● **MATERIAL PROVIDED**:
Segment Open

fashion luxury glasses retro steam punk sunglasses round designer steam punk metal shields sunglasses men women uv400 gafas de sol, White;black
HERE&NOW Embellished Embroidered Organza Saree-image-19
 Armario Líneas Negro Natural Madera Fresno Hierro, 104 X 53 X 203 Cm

Segment Closed

● **PROMPT**:
Every line of the listing is to be returned exactly as written.

● **WORKED SOLUTION**:
fashion luxury glasses retro steam punk sunglasses round designer steam punk metal shields sunglasses men women uv400 gafas de sol, White;black
HERE&NOW Embellished Embroidered Organza Saree-image-19
 Armario Líneas Negro Natural Madera Fresno Hierro, 104 X 53 X 203 Cm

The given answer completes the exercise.